All photos in this article not tagged with “Credit” were taken by me.
Recognize the characters and show pictured above? It’s The Big Bang Theory, highly touted by its television network CBS as the #1 most-watched comedy on TV. That isn’t actually hyperbole either, as Big Bang has had monumental success; some of its achievements include:
- consistently outranking every other scripted show in weekly ratings (often also in repeats)
- earning its producing arm Warner Bros. TV millions of dollars in syndicated broadcasts and DVD/Blu-ray sales across the world
- received numerous award nominations, including winning four Primetime Emmy Awards for Jim Parsons (“Sheldon Cooper”)
- making its stars among the highest-paid cast on TV
I’ve been watching since the very start back in 2007, and have made so many memories through the show’s 12 seasons. It’s been a dedicated part of my week in every week it’s been on. Through 12 seasons, the show has pretty much explored every angle of its characters’ lives. From Howard’s belief that he’s a total womanizer, to the introduction of Amy Farrah Fowler, to Howard and Bernadette getting married, to Rajesh breaking his selective mutism after a breakup, to Sheldon drinking alcohol for the first time in his life, to Leonard and Penny getting married, and to the most recent major milestone, the marriage between Sheldon and Amy. That summary leaves so much out I feel like I’m doing a disservice to the progression of the series – we’re in a completely different place now than we were at the beginning.

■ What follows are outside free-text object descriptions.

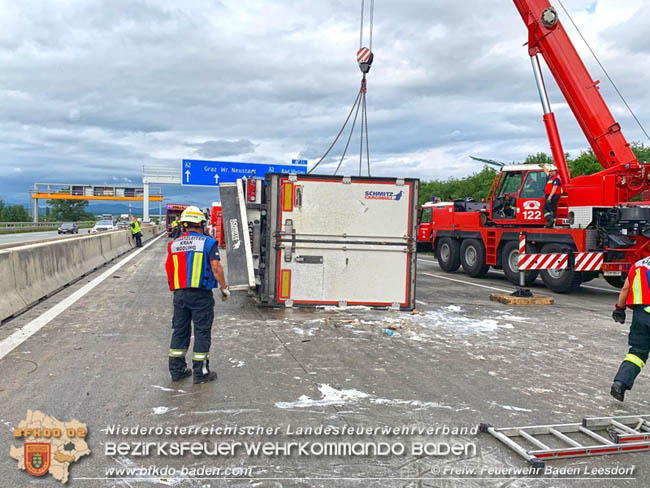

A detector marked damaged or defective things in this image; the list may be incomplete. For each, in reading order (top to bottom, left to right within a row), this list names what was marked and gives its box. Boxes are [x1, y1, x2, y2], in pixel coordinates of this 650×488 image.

overturned truck [220, 174, 418, 308]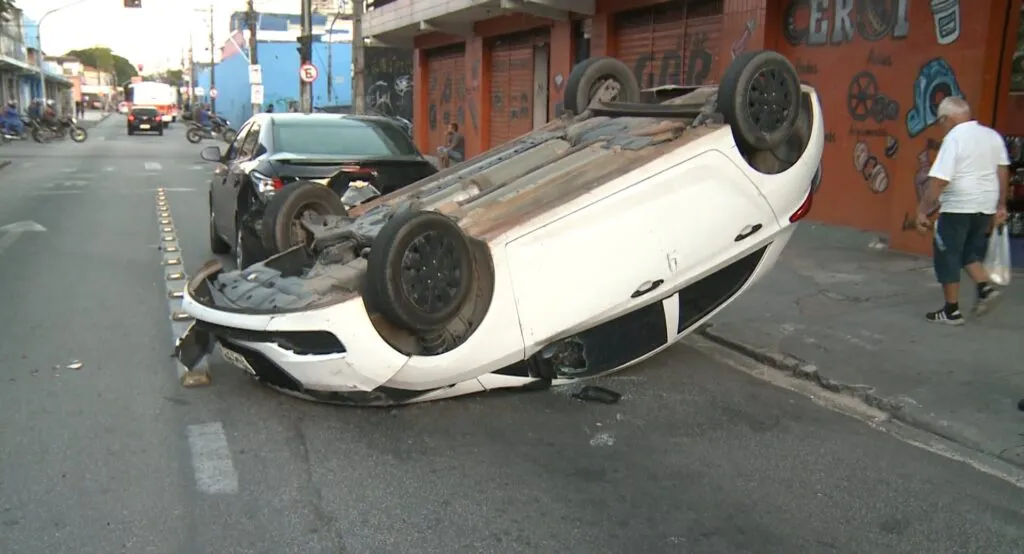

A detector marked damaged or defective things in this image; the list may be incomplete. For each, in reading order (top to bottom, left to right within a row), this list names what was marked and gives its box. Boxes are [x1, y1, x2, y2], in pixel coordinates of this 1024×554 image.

overturned white car [174, 50, 823, 405]
broken plastic piece [573, 385, 618, 401]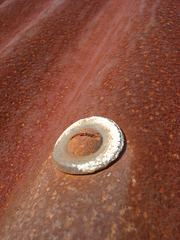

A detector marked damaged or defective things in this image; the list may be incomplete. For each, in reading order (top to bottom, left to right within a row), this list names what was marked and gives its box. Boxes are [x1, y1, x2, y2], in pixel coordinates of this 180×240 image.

rust spot [68, 128, 102, 157]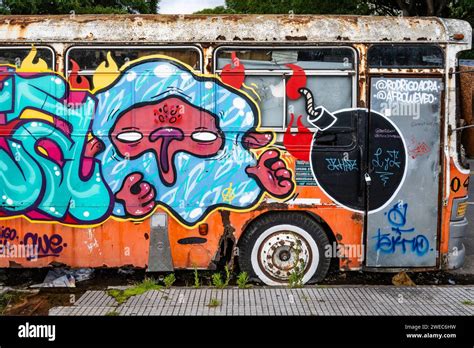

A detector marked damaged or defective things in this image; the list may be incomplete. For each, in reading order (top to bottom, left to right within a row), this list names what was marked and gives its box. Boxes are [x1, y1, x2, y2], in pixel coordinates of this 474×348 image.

abandoned bus [0, 14, 470, 286]
rusty orange bus [0, 14, 470, 286]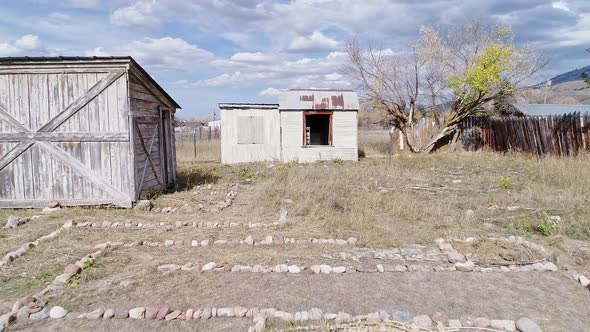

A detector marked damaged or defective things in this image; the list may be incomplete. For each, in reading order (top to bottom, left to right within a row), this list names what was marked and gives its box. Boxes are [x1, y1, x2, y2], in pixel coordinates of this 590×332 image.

rusted metal roof [278, 89, 358, 111]
rusty corrugated metal fence [464, 113, 588, 157]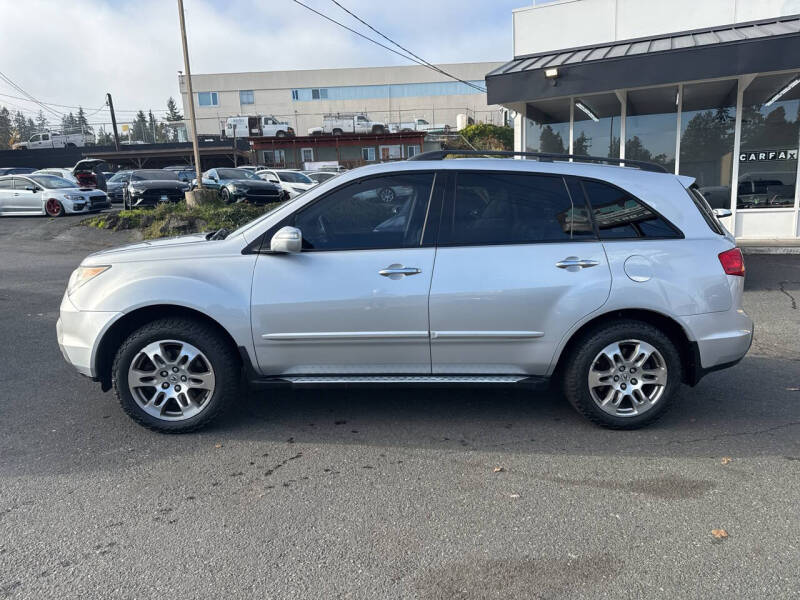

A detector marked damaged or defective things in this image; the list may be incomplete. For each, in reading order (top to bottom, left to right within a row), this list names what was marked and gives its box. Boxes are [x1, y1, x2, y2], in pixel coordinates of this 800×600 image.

pavement crack [780, 282, 796, 310]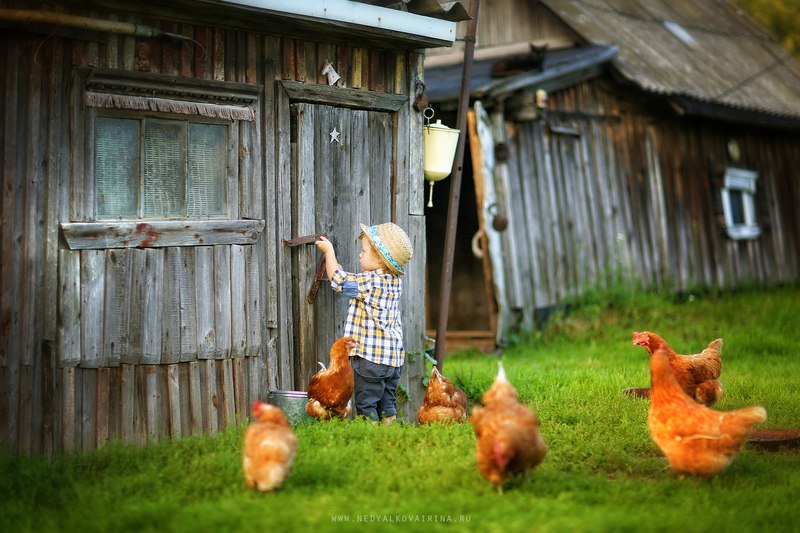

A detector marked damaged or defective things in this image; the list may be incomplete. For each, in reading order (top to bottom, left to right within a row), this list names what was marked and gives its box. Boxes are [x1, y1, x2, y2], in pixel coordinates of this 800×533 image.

rusted hinge [284, 232, 328, 304]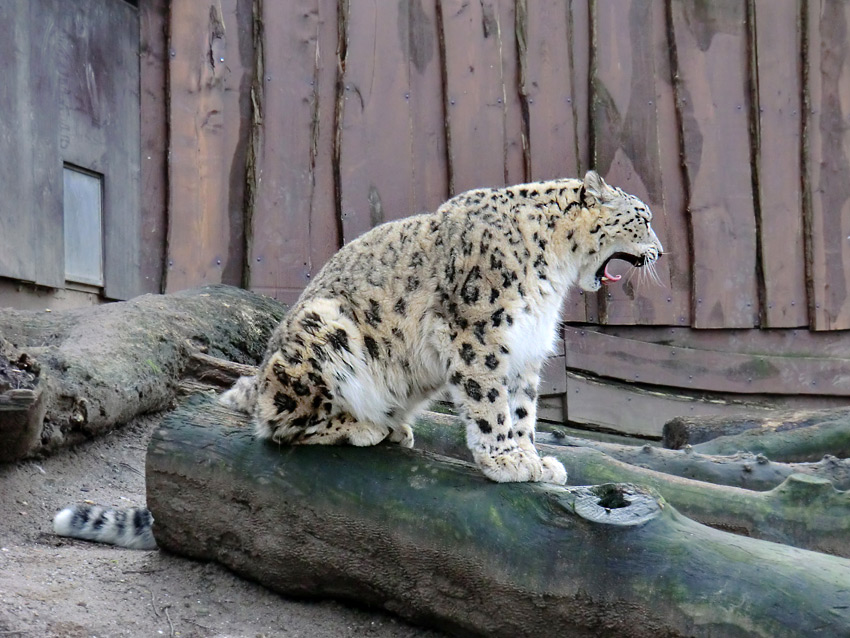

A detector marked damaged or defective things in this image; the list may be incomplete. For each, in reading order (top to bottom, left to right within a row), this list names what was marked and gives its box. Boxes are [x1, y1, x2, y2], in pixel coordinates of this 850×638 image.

rusty metal panel [164, 0, 247, 292]
rusty metal panel [245, 0, 338, 306]
rusty metal panel [588, 0, 688, 328]
rusty metal panel [664, 0, 760, 328]
rusty metal panel [752, 0, 804, 328]
rusty metal panel [800, 0, 848, 332]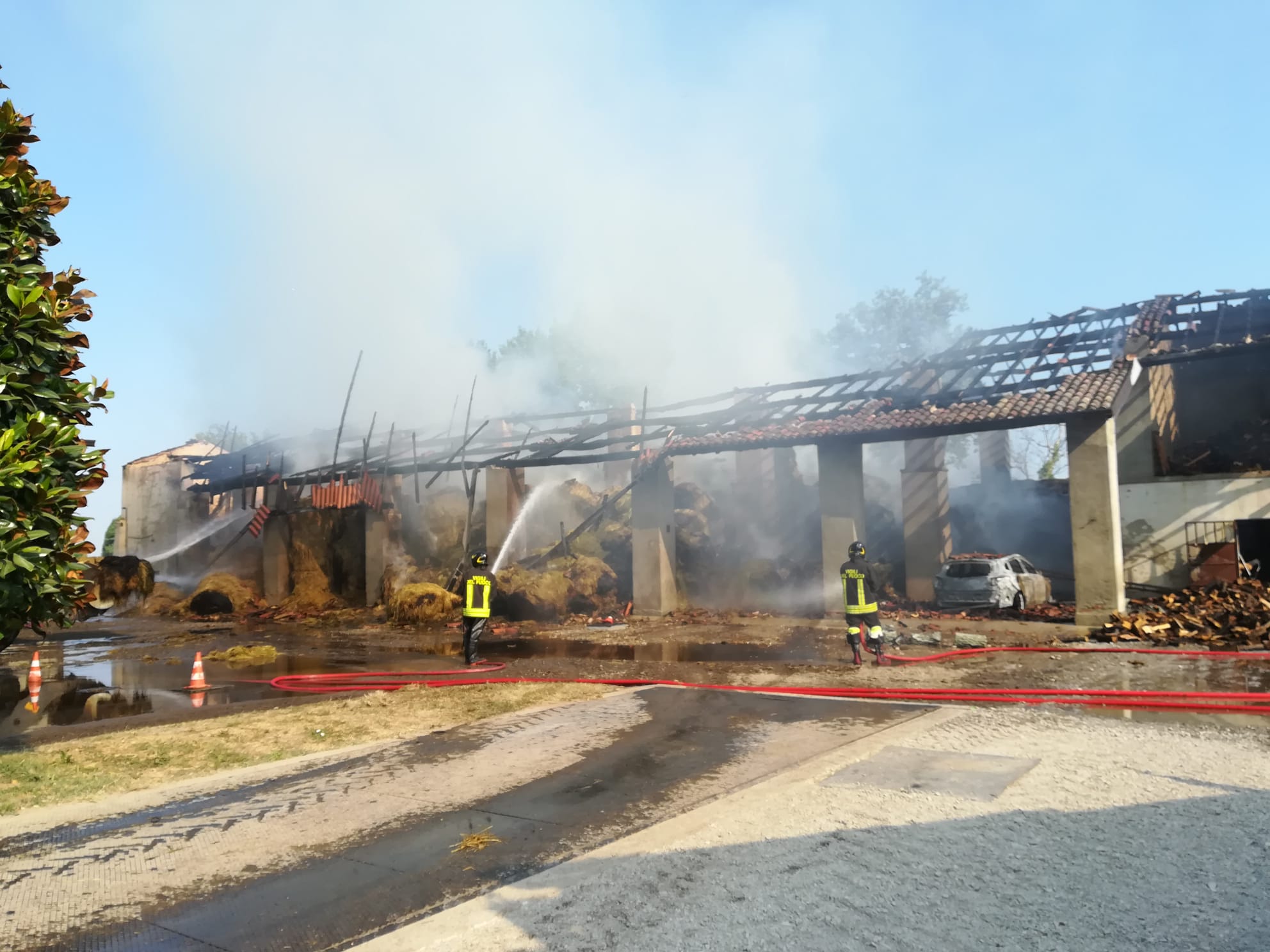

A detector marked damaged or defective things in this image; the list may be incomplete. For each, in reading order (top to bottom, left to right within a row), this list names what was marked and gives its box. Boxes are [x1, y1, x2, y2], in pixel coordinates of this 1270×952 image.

burned car [932, 550, 1050, 609]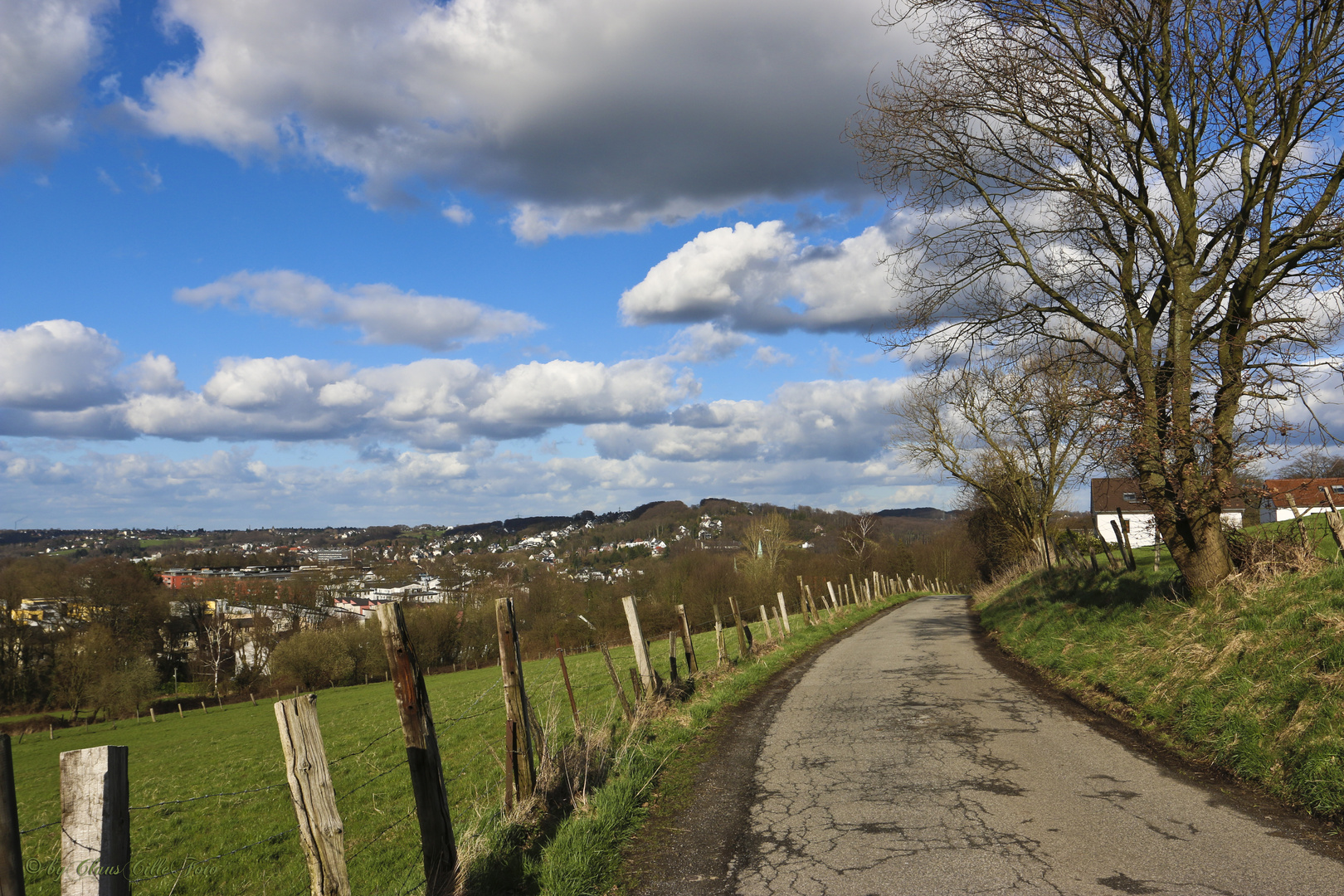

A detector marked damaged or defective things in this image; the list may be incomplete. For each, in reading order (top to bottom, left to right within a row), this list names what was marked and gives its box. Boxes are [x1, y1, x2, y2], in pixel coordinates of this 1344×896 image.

cracked asphalt surface [634, 596, 1344, 896]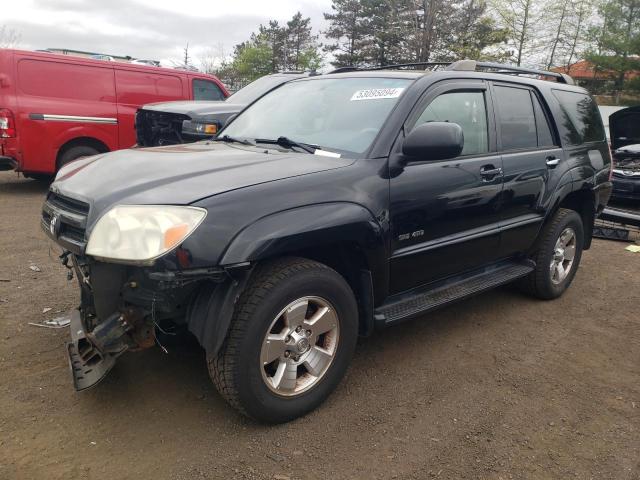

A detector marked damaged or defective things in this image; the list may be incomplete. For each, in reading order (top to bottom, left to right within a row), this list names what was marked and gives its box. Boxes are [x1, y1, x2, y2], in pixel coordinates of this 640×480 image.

broken front fascia [63, 251, 229, 390]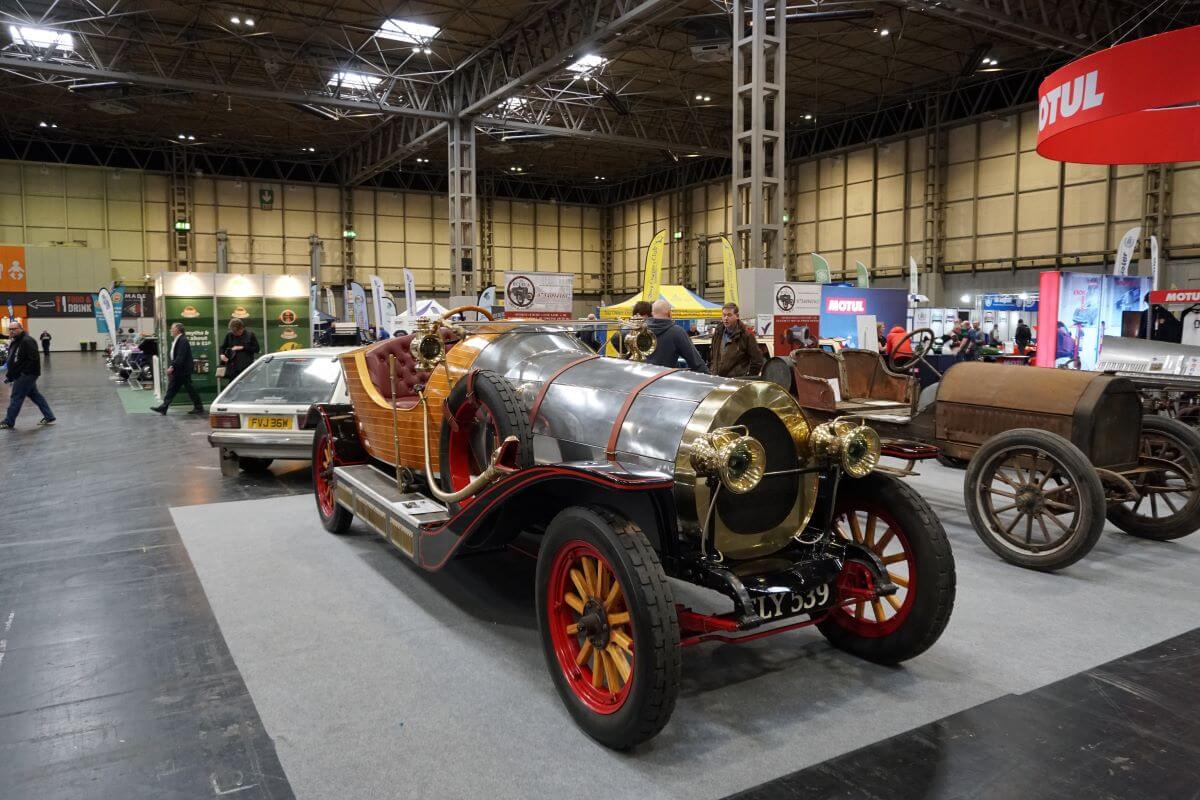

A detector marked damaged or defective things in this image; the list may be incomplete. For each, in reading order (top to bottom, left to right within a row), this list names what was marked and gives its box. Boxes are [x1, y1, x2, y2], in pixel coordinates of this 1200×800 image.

rusty vintage car [309, 309, 955, 753]
rusty vintage car [763, 328, 1200, 573]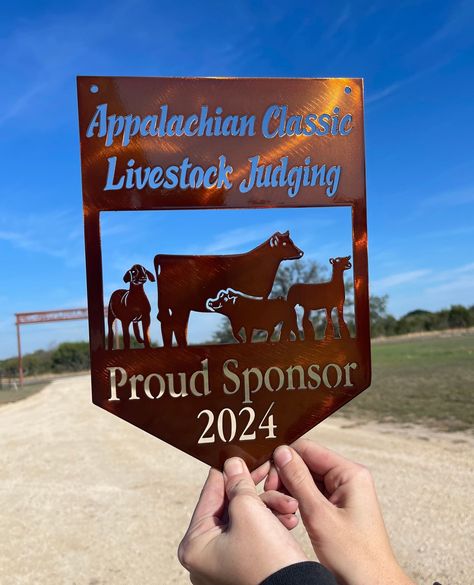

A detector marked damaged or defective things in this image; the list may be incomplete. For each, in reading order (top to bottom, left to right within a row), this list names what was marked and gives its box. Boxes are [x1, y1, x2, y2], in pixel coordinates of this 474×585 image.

rusted metal surface [77, 77, 370, 470]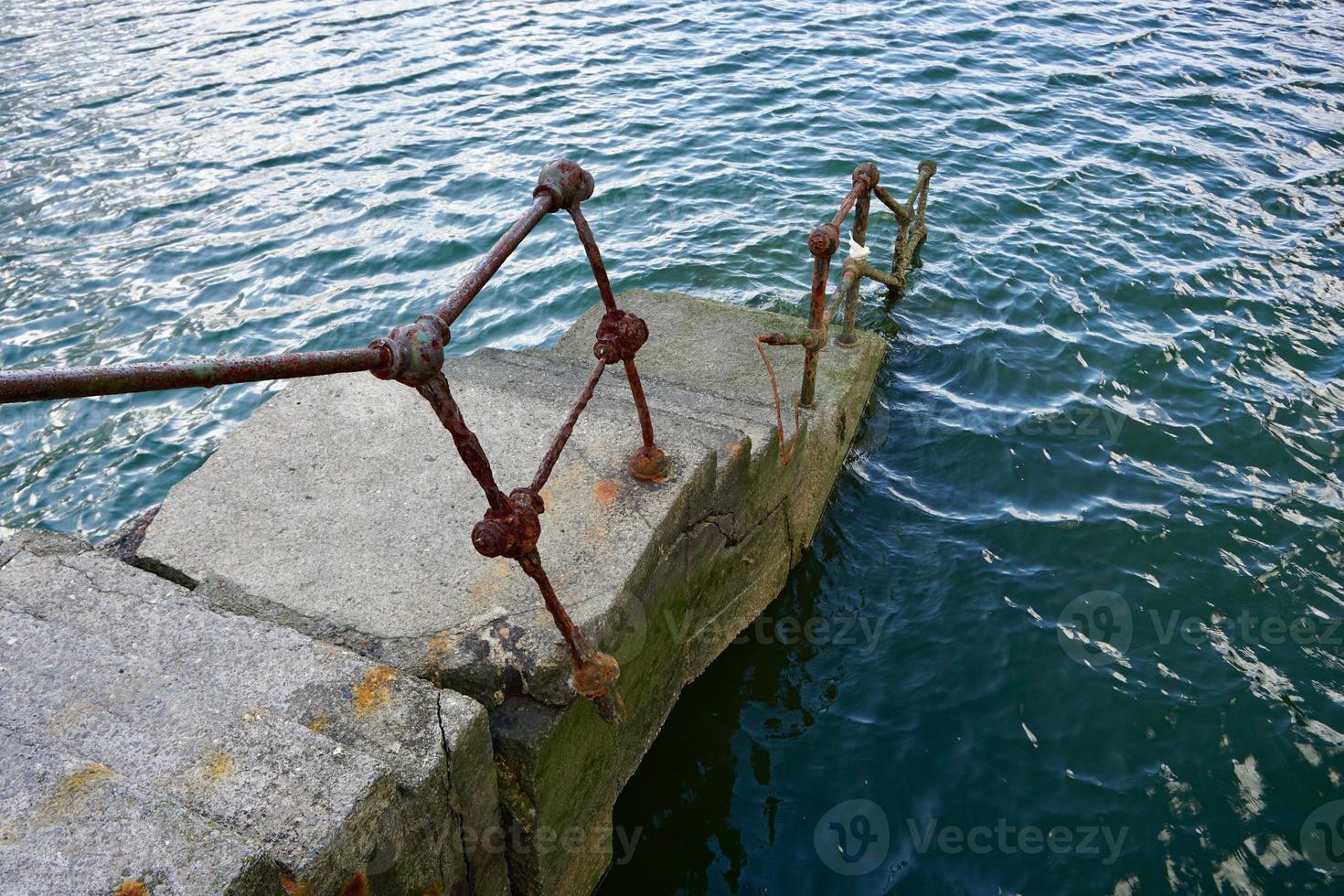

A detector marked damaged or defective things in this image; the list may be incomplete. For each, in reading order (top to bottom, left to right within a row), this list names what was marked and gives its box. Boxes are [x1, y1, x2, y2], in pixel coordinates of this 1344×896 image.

But that’s natural, isn’t it? Our lives don’t stay the same for 12 years, so why should TV series do? I’ve loved seeing these characters grow, with my particular favorite being Penny’s initial distaste for Sheldon (after he organizes her apartment while she is sleeping) in season 1, to her telling him “you are one of my favorite people” (during Sheldon’s birthday party) in season 9.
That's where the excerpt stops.